To provide some background on what I am doing and the issue I am facing:
I am working on preparing engineering design packages according to API 6A Specification for 5,000, 10,000, and 15,000 psi flanges of various sizes. The mating faces are slightly different when you get to pressures of 10,000 psi and above and thus have a raised face rather than just a flat face. However, running the FEA should be the same setup for both styles and only the hand calculations are somewhat different due to the lower pressure flat face flanges having a standoff (gap) between the flanges upon makeup vs. the raised faces being made up until they virtually touch.
Below are snapshots to give you an idea of this:
3D Assembly of Raised Face Flange without Bolts, Exploded View, and Section View of Exploded View
API 10,000 psi (Raised Face) Flange Prior to Bolt Makeup: Gap Between Flanges = 1/8 inches
Note: BX Style Gasket is Somewhat Oversized by .046 inch to Provide a Pressure Energized Seal Upon Bolt Makeup
API 10,000 psi (Raised Face) Flange After Bolt Makeup: Gap = 3/64 inches
(Not Full Makeup Which Occurs After Pressuring Up Which Results in No Gap)
Note: The stresses are quite high and you can see where the potential problem with the thin inner lip bending outward and into the bore area of the flange
API 5,000 psi (Flat Face) Flange to ASME Code Design Prior to Bolt Makeup: Gap Between Flanges = 1/4 inches
RX Style Gasket is On Center with Groove and the Inner Lip is Much Thicker so it is Expected to Not Cause As Much of Problem. However, since there is a large Gap that remains even after bolt makeup, the bending moments on the flange will be much higher which are largely absorbed by the bolts.
API 5,000 psi (Flat Face) Flange to ASME Code Design After Bolt Makeup: Gap = Slightly Less than 1/4 inches (Not Much Change Which is Expected and is the Way These are Designed)
Note: The stresses are quite close to within reason except for some hot spots and you can see where the thicker material of the thin inner lip keeps the inner lip from bending outward and into the bore area of the flange. Overall, this looks like a good design despite that the hot spots in very small area of material are exceeding the yield stress limits (So, mesh refinement might yield more realistic results which hopefully put it within acceptable limits).
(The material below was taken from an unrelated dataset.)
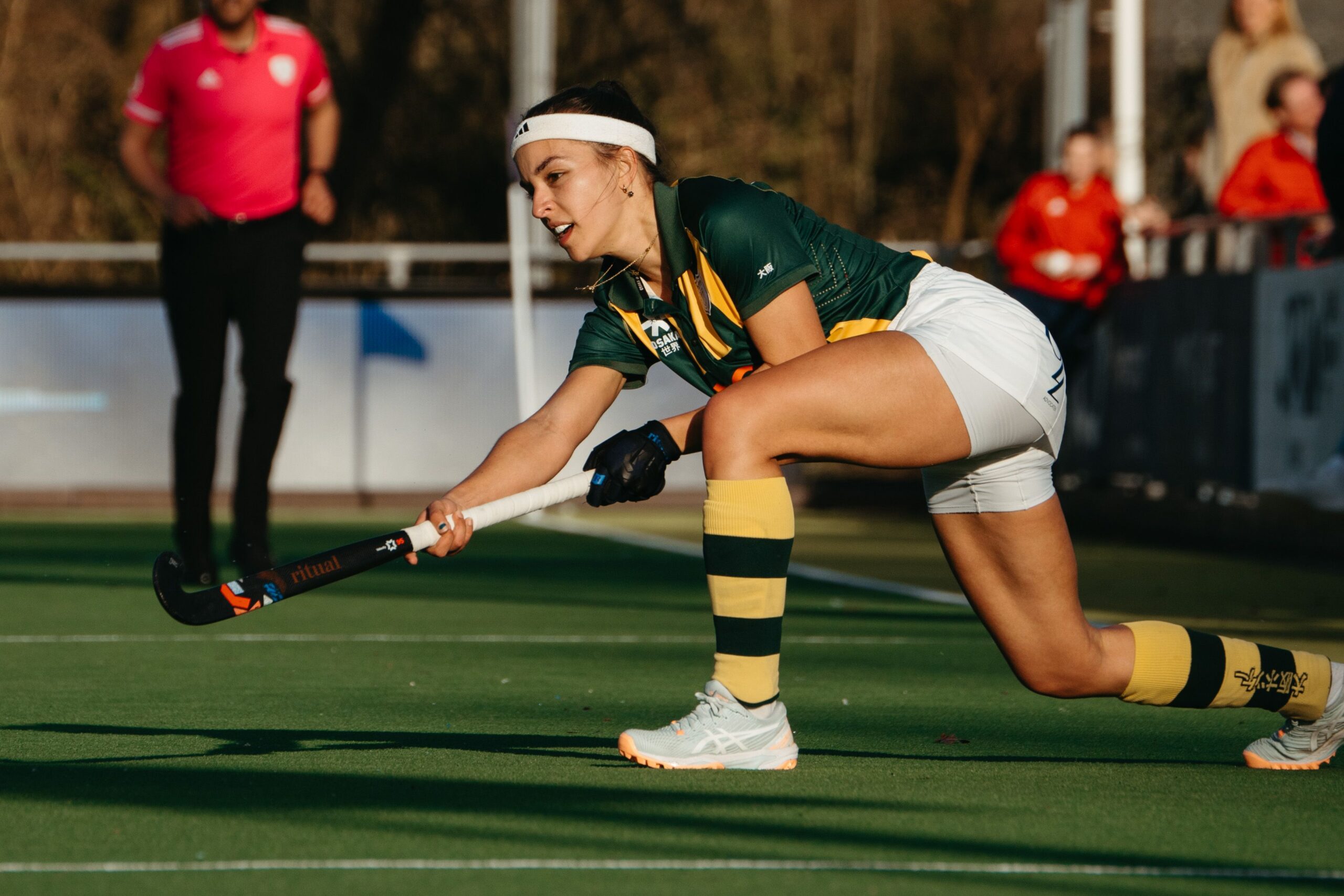 Two field hockey players competing for the ball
However, and upon subsequent mesh refinements, the stress keeps going up and up indefinitely which is surprising as I expected it to be about like this in magnitude…but in refining the mesh to the radii to eliminate the unrealistic high stress spots and thus lower the maximum stresses to within under the minimum yield strength of the material at 75,000 psi and on the order of under .83% of the yield strength at 62,000 psi, the results just diverge instead of converge to a limit.
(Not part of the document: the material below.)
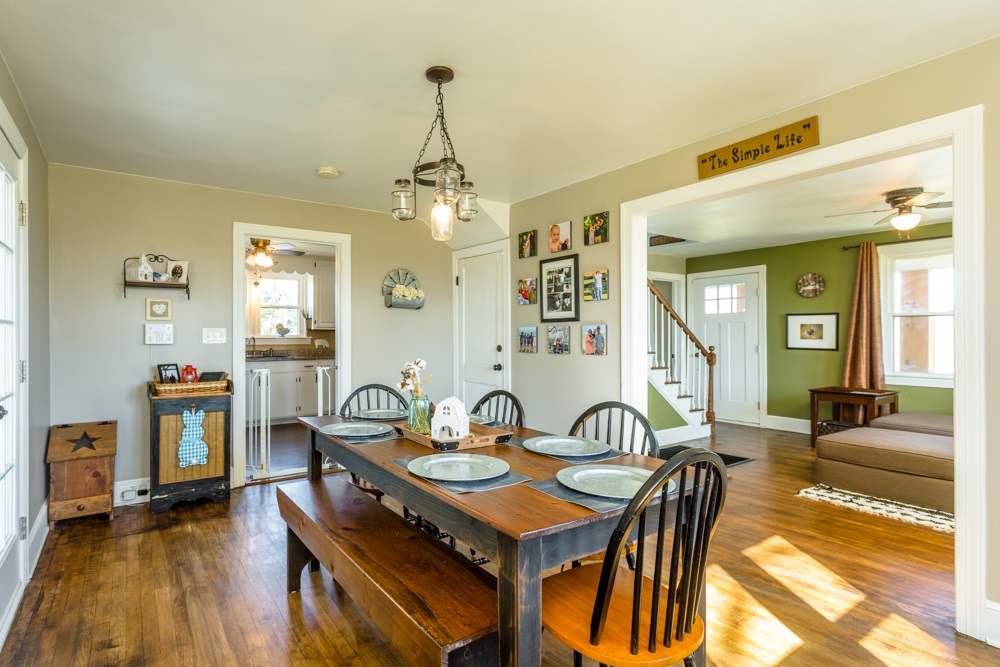 8687 Union Springs Road Dayton, VA 22821 - Photo 8 of 37 a view of a dining room with furniture and wooden floor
In preparing these design packages using hand calculations, I am following the ASME Section VIII code for flange design. The stresses calculated by this method are coming out within reason for both style of face for the flanges. However, and being somewhat concerned that the code calculations due to St. Venant’s Principle and thus the code style hand calculations not considering the local stresses caused by the pressure energized gasket meshing into the groove of the flange, I decided to run SolidWorks Simulation FEA Static Analysis on the full assembly. However, and in running the FEA, I have been unsuccessful in converging to the result. The FEA will run, and the gasket will compress into the flange groove and seat into that groove like what it does in reality (which seems like this will provide a good result), but the results do not converge regardless of applying fillets to internal sharp corners and applying what seems to me to be reasonable mesh controls putting the element size at least 2 widths on those faces of concern. The stresses are certainly coming out too high by the FEA method for safely passing along with diverging and appear to cause concern on the inner lip of the groove that is near the bore of the flange which is what I was actually concerned about it doing since:
1. The ring gasket gets compressed .046 inches in overall diameter shrinkage for the raised face flanges with BX style gaskets…which isn’t going to cause much load and thus stress and potential damage to the flange if the gasket were made out of rubber but this gasket is pretty thick and it is made out of stainless steel. Imagine compressing a steel ring inward on how difficult that would be and how much force it will in turn tend to press back. That is what is happening when the flanges are bolted up together with this BX style ring gasket between the two flanges.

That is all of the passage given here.